__Description of the task__: Only one stretch of the material below is wanted: everything from the line containing "This Calls for" down to the line containing "buffalo mexican huichol", both ends included. Repeat it exactly and skip the pictures.

__Listed entries__:
____

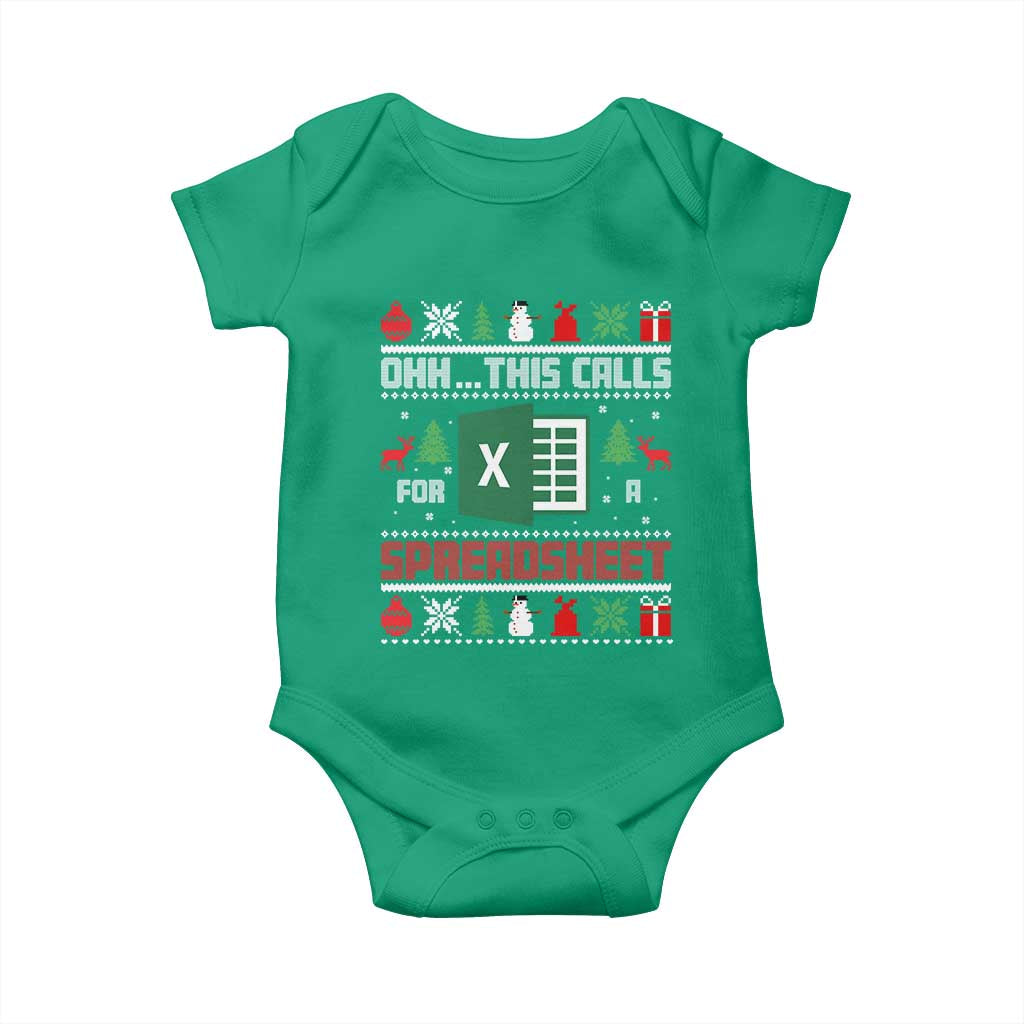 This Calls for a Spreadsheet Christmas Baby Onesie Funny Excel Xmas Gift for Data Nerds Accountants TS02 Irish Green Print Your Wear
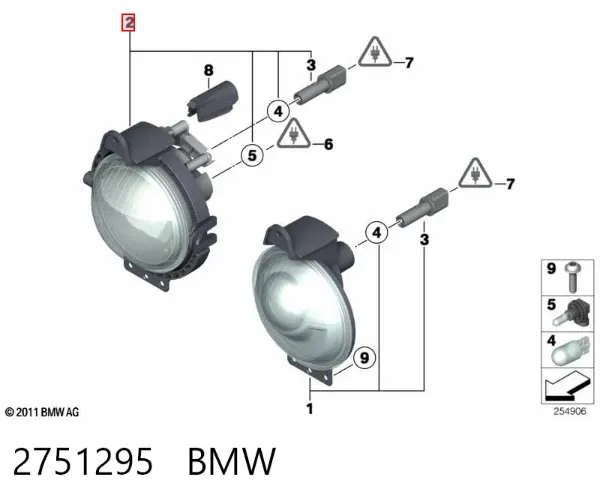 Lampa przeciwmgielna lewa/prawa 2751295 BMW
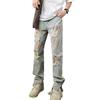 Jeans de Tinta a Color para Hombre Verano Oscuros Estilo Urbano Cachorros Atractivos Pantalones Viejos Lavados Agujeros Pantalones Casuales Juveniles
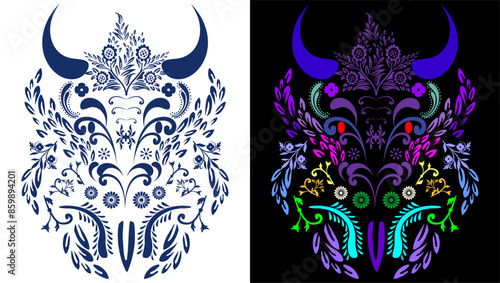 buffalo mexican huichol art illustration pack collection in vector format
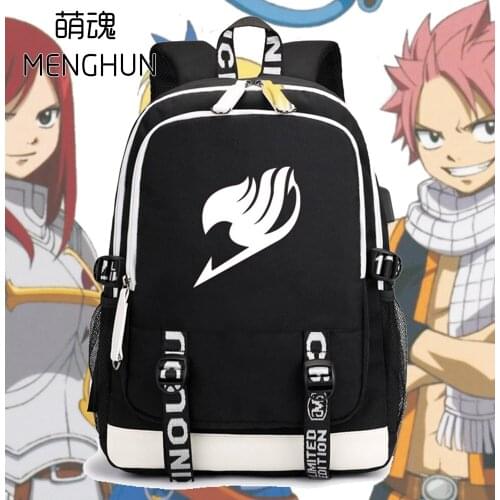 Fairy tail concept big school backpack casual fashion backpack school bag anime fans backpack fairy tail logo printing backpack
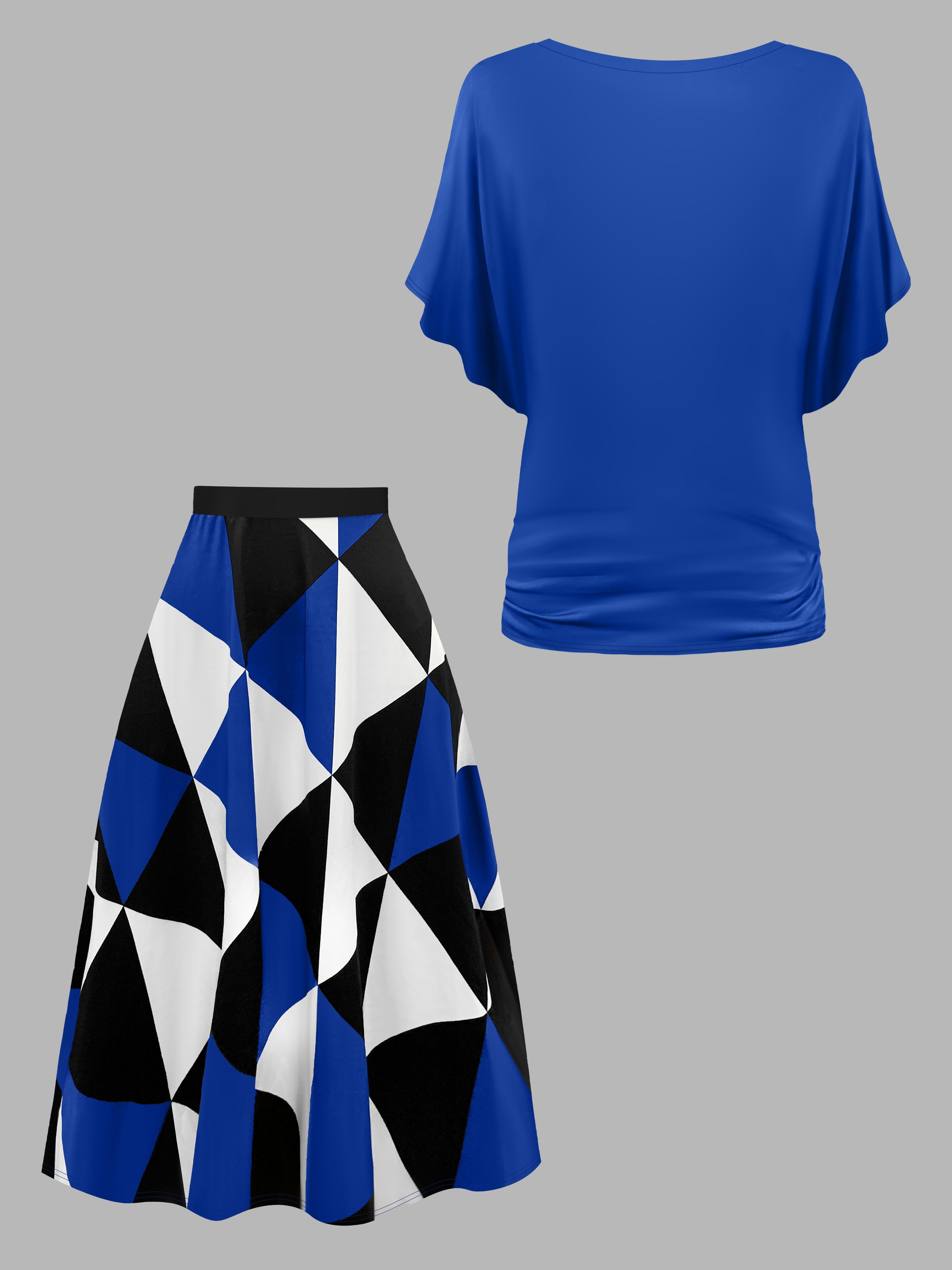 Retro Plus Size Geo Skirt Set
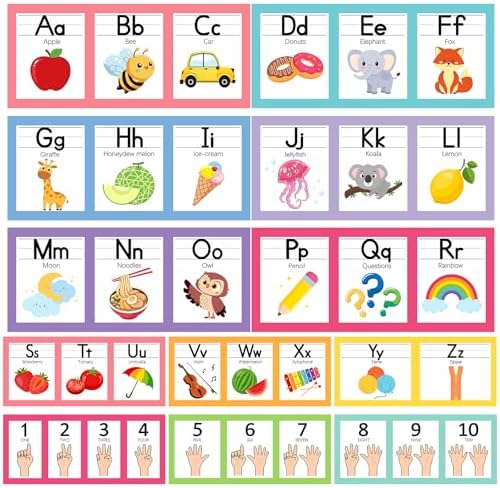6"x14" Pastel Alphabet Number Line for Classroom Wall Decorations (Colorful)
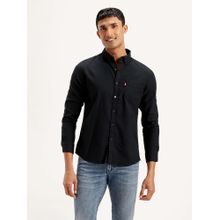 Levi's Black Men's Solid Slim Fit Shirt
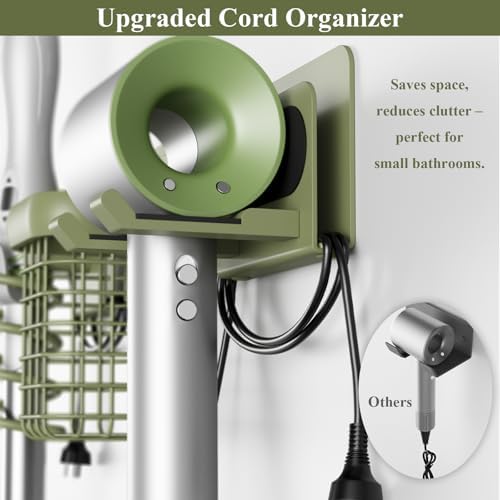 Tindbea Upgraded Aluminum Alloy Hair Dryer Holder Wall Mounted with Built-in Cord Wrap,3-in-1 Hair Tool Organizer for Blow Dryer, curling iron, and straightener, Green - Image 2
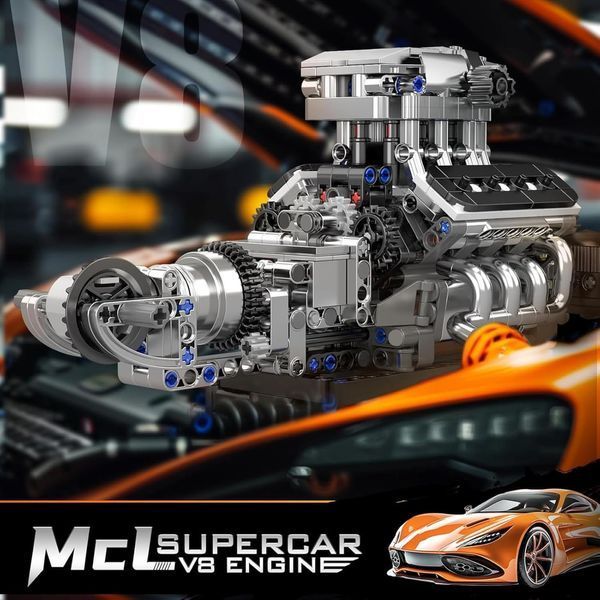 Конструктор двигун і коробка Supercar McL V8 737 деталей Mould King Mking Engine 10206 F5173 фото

____

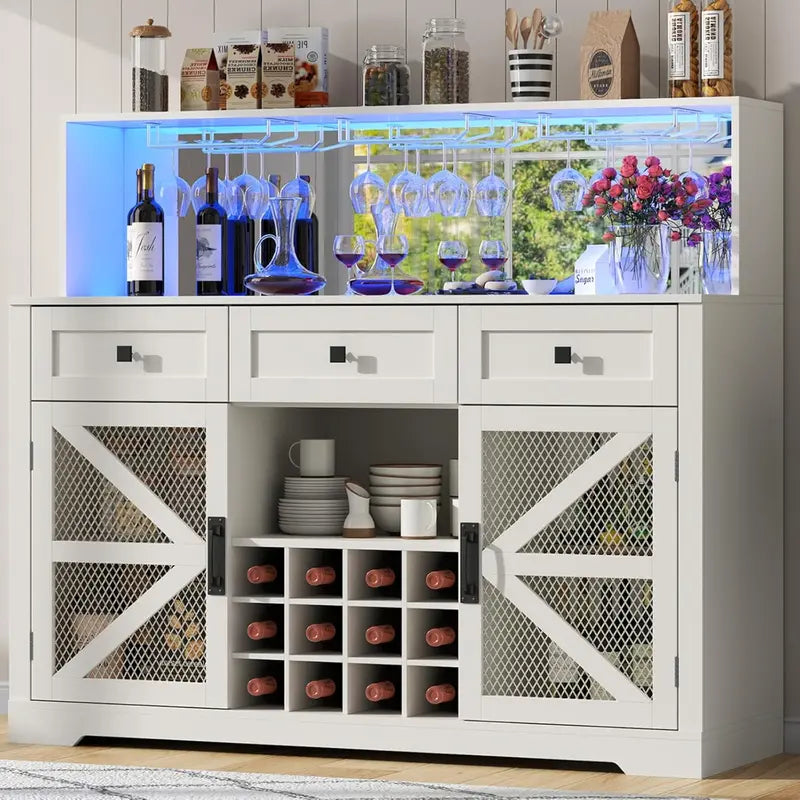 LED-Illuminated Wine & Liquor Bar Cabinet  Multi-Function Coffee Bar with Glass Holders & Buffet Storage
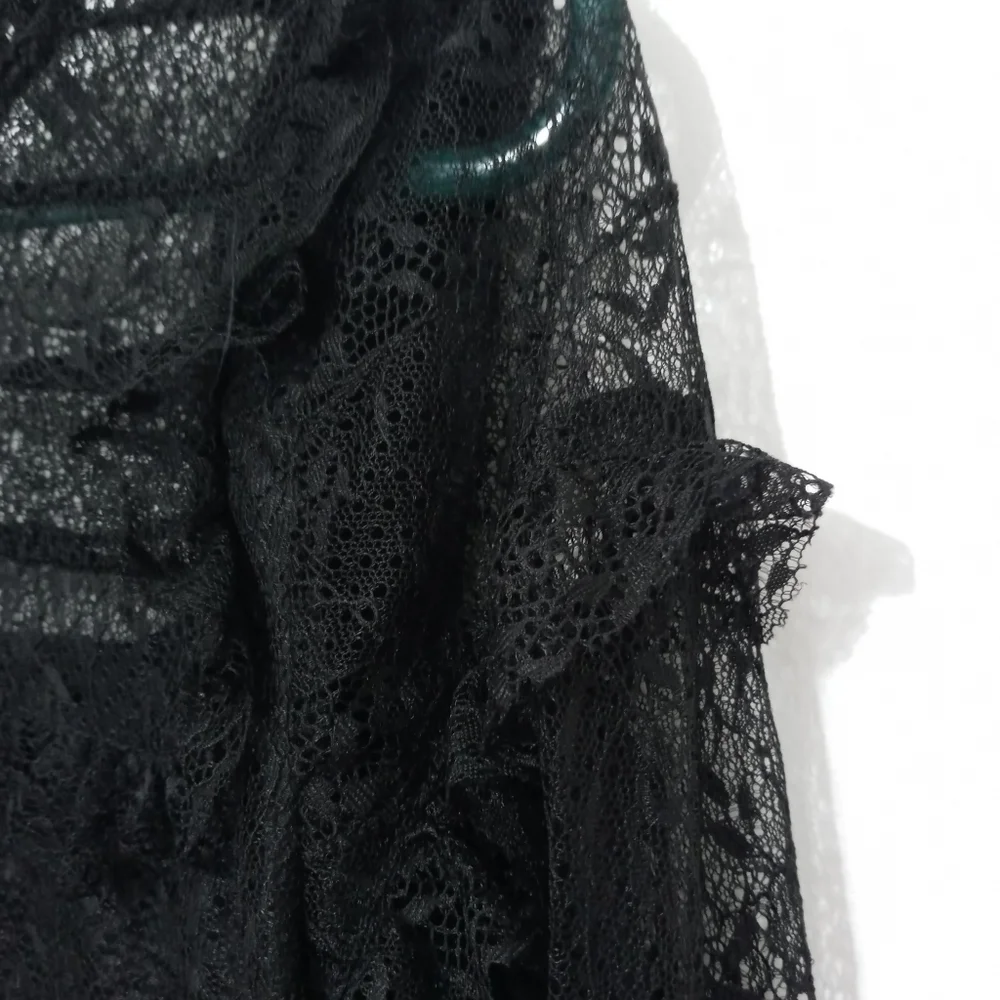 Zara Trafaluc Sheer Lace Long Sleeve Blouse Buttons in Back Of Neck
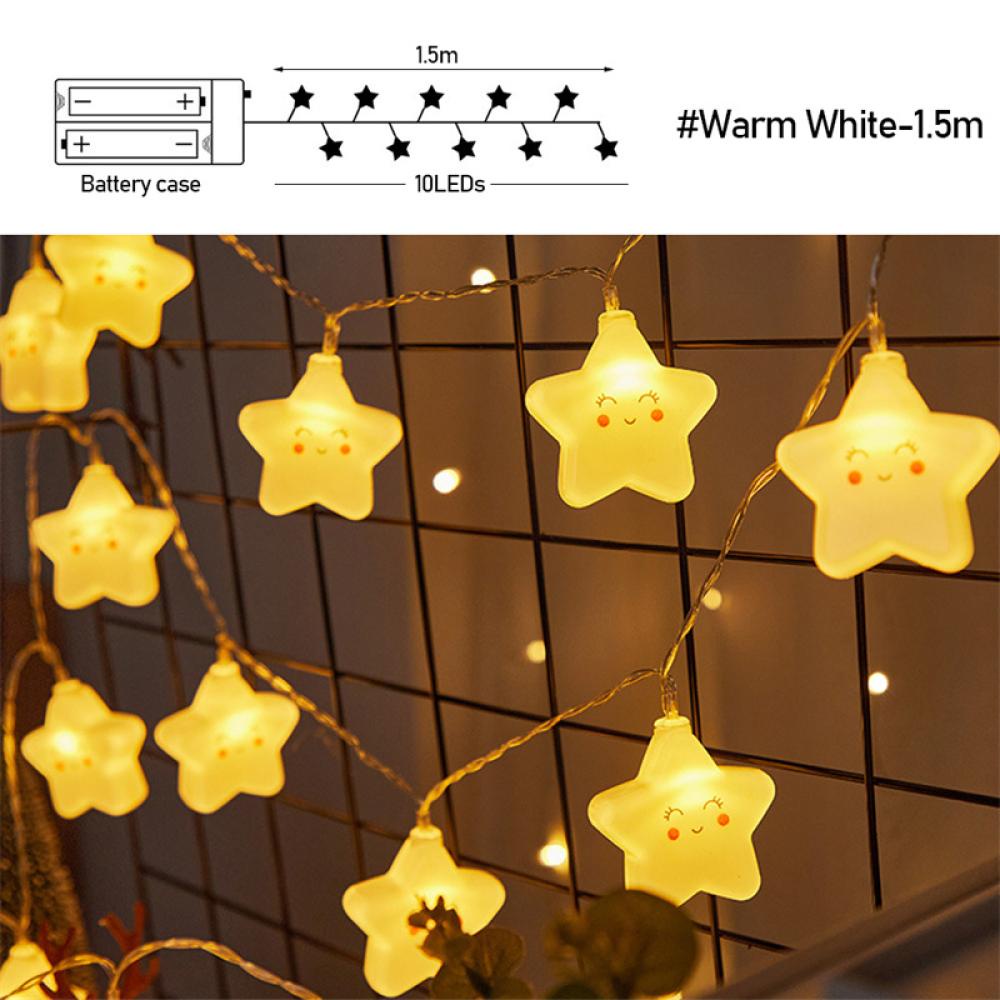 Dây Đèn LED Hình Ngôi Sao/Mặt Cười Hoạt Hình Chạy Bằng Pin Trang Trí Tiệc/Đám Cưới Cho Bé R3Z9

____

__Output of the exercise__:
 This Calls for a Spreadsheet Christmas Baby Onesie Funny Excel Xmas Gift for Data Nerds Accountants TS02 Irish Green Print Your Wear
 Lampa przeciwmgielna lewa/prawa 2751295 BMW
 Jeans de Tinta a Color para Hombre Verano Oscuros Estilo Urbano Cachorros Atractivos Pantalones Viejos Lavados Agujeros Pantalones Casuales Juveniles
 buffalo mexican huichol art illustration pack collection in vector format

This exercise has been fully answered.